Captioned web images:

*** Block opens ***

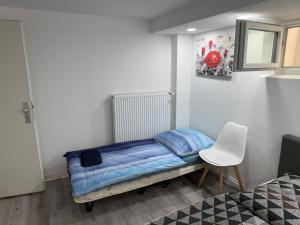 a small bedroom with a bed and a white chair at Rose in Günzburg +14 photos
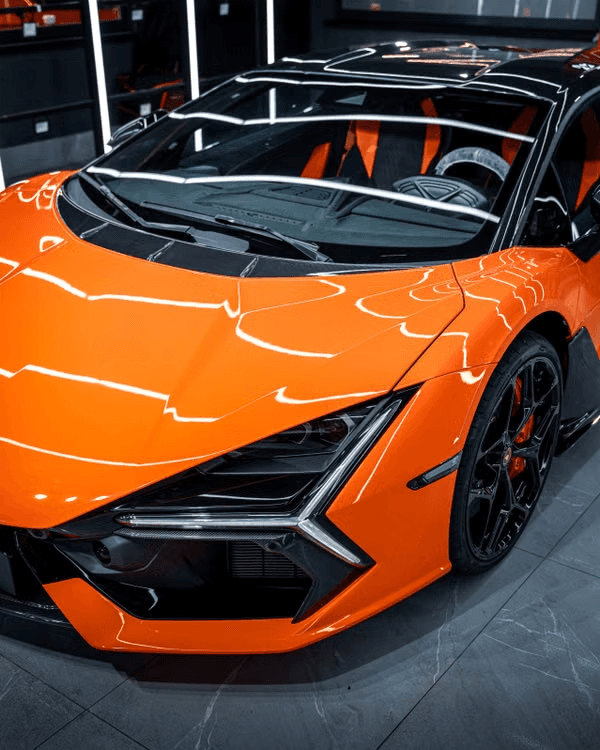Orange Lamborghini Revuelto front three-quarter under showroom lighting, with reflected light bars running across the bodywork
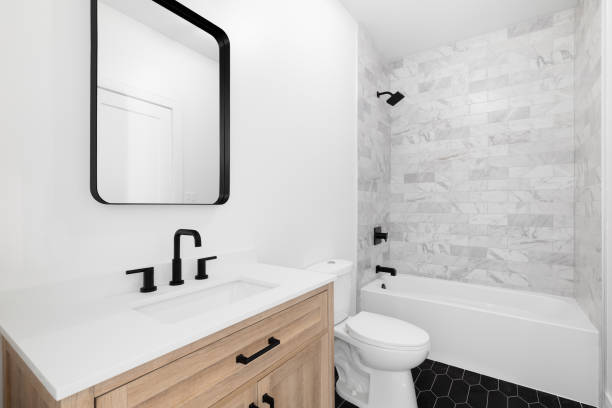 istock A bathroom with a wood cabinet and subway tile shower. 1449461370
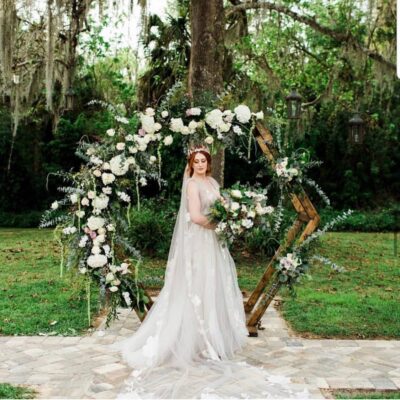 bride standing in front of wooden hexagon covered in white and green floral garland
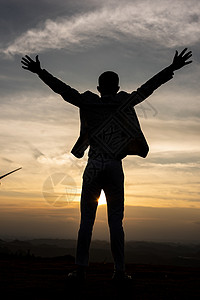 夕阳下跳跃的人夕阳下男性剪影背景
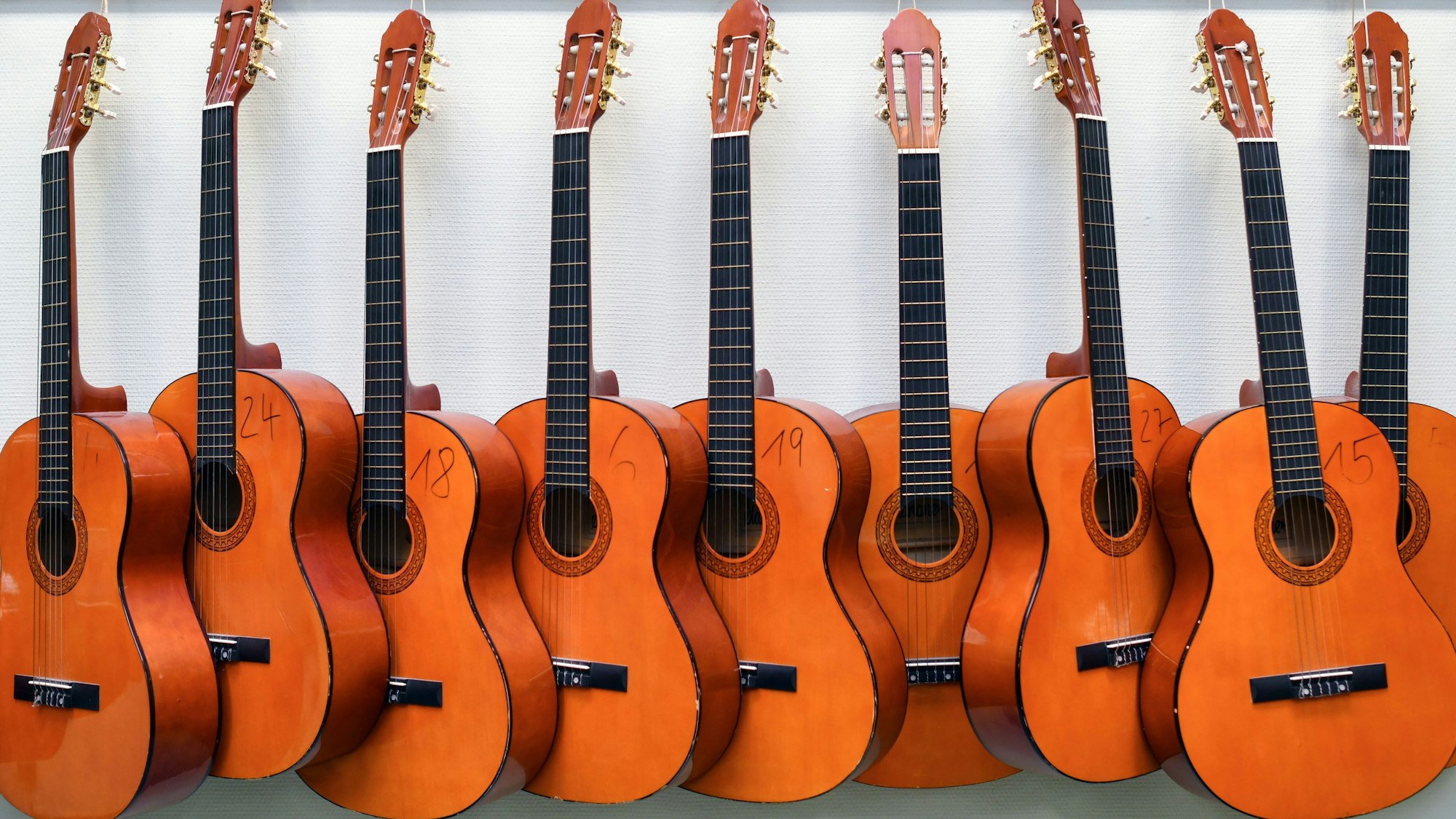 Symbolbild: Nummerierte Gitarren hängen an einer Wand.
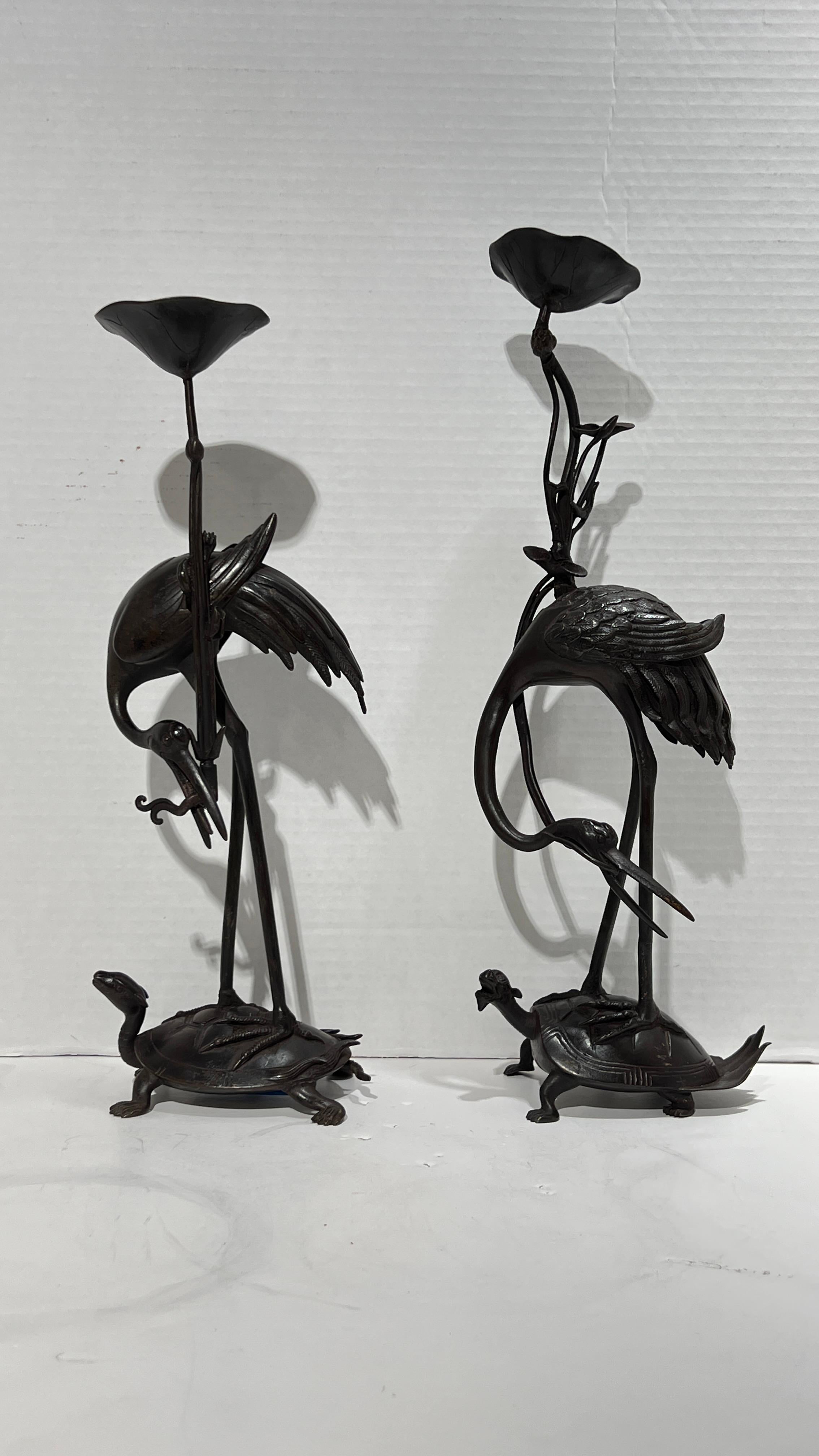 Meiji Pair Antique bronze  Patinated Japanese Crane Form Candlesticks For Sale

*** Block closes ***
*** Block opens ***

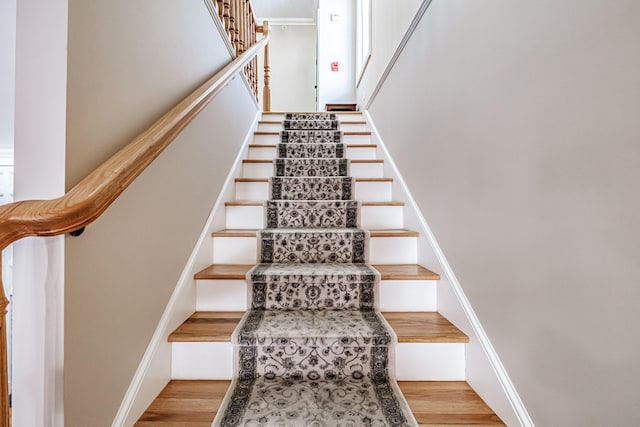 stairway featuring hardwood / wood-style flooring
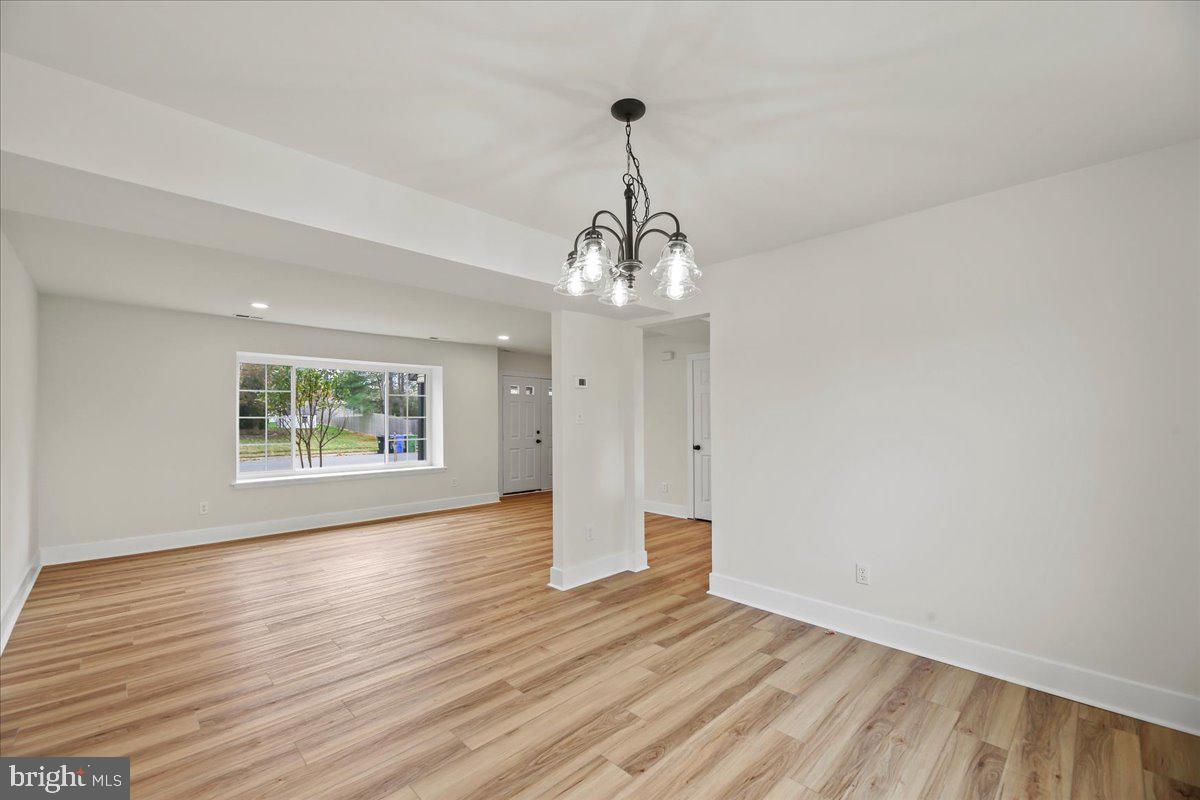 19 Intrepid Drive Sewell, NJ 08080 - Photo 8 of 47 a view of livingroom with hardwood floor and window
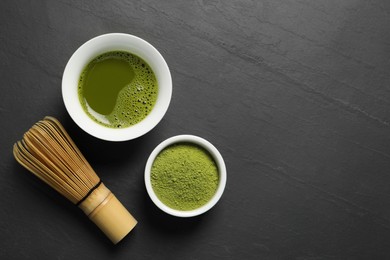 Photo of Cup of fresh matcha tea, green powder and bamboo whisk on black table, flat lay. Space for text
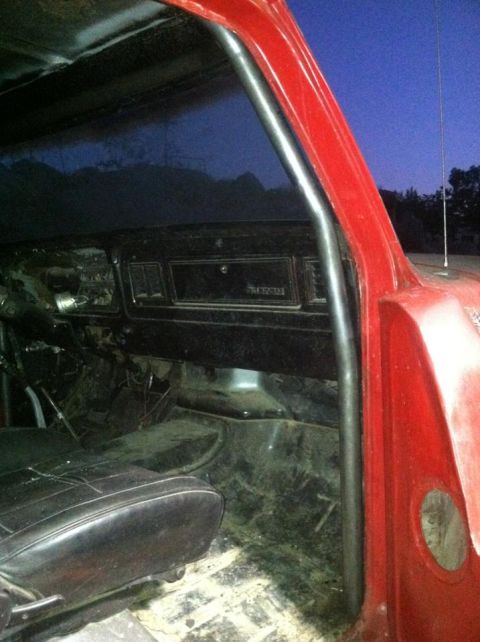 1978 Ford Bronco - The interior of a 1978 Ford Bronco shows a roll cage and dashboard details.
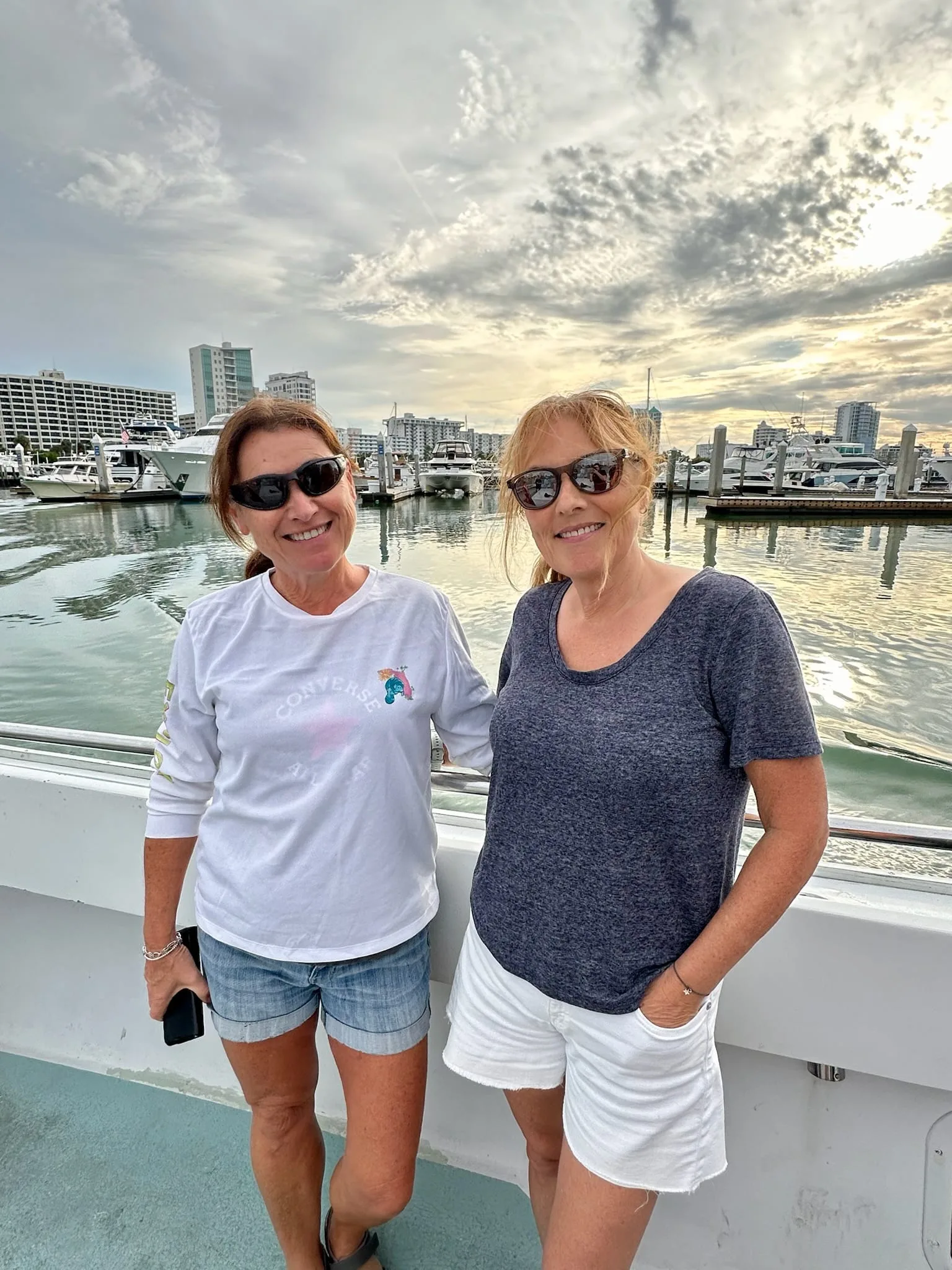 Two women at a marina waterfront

*** Block closes ***

**EXERCISE GOAL:** With pictures excluded, reproduce exactly the lines above from the one containing "a small bedroom" down to the one containing "Symbolbild: Nummerierte Gitarren", those two included.

**TASK OUTPUT:**
 a small bedroom with a bed and a white chair at Rose in Günzburg +14 photos
Orange Lamborghini Revuelto front three-quarter under showroom lighting, with reflected light bars running across the bodywork
 istock A bathroom with a wood cabinet and subway tile shower. 1449461370
 bride standing in front of wooden hexagon covered in white and green floral garland
 夕阳下跳跃的人夕阳下男性剪影背景
 Symbolbild: Nummerierte Gitarren hängen an einer Wand.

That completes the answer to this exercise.